12. The apparatus of claim 2 wherein the first and second decompressing nodes provide decompression of redundant packets only with respect to uncompressed portions of antecedent packets.

13. The apparatus of claim 1 wherein the at least one compressing node and the first and second decompressing nodes are portions of network routers.

14. The apparatus of claim 1 wherein the at least one compressing node and the first and second decompressing nodes are non-router middle boxes attached on a single network line.
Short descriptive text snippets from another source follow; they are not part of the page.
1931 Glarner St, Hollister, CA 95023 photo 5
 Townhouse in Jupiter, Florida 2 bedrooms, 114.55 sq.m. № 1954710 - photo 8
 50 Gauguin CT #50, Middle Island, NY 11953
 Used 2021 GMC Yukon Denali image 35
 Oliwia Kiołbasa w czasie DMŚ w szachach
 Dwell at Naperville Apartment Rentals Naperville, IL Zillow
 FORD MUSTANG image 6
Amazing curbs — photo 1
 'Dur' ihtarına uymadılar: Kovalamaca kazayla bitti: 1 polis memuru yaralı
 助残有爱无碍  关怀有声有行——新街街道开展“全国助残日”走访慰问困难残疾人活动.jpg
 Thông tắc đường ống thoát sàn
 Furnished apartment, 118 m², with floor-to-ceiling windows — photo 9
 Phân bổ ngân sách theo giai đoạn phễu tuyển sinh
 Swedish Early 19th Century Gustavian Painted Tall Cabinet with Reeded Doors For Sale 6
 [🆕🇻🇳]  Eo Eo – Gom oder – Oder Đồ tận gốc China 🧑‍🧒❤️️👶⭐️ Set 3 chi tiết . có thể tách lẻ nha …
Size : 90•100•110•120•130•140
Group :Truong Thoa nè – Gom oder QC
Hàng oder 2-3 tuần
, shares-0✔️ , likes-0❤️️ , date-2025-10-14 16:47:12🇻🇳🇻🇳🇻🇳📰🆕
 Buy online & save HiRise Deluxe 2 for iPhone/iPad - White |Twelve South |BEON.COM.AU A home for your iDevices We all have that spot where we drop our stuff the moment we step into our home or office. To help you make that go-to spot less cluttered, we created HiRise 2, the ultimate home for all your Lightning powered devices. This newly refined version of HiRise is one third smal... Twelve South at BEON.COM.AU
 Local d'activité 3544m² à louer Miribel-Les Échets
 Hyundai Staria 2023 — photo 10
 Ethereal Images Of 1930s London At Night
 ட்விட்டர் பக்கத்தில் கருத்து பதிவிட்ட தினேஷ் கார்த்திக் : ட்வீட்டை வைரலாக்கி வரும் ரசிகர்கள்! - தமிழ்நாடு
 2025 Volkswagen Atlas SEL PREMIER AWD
15. An apparatus for reducing redundant data transmissions in a network, the apparatus comprising at least one compressing node and at least a first and second decompressing node connected in series along at least one transmission path from the at least one compressing node, packets from the at least one compressing node passing first through the first decompressing node and then to the second decompressing node, all nodes intercommunicating and spatially separated on the network and operating according to stored programs executed by electronic hardware;

wherein the at least one compressing node:

(a) receives and stores at least a portion of an antecedent network packet and marks the antecedent network packet for storage of the portion, at one of the first and second decompressing nodes according to a system distributing storage of different network packets from the at least one compressing node among ones of the first and second decompressing nodes;

(b) excises at least a portion of a subsequent network packet that is redundant with the stored portion of the antecedent network packet and marking the subsequent network packet for decompression by a same one of the first and second decompressing node as was marked to store the portion of the antecedent network packet;

wherein the first decompressing node:

(a) receives a given antecedent network packet and stores a portion of the given antecedent network packet as marked by the at least one compressing node for storage by the first decompressing nodes;

(b) receives a given subsequent network packet, which is subsequent to the given antecedent network packet; and

(c) restores a previously excised portion of the given subsequent network packet from the stored portion of the given antecedent network packet using the stored portion of the given antecedent network packet and then forwards the restored given subsequent network packet to the second decompressing node; and

wherein the second decompressing node:

(a) receives a second given antecedent network packet from the first decompressing node and stores a portion of the second given antecedent network packet as marked by the at least one compressing node for storage by the second decompressing node;

(b) receives a second given subsequent network packet, which is subsequent to the second given antecedent network packet; and

(c) restores a previously excised portion of the second given subsequent network packet from the stored portion of the second given antecedent network packet using the stored portion of the second given antecedent network packet.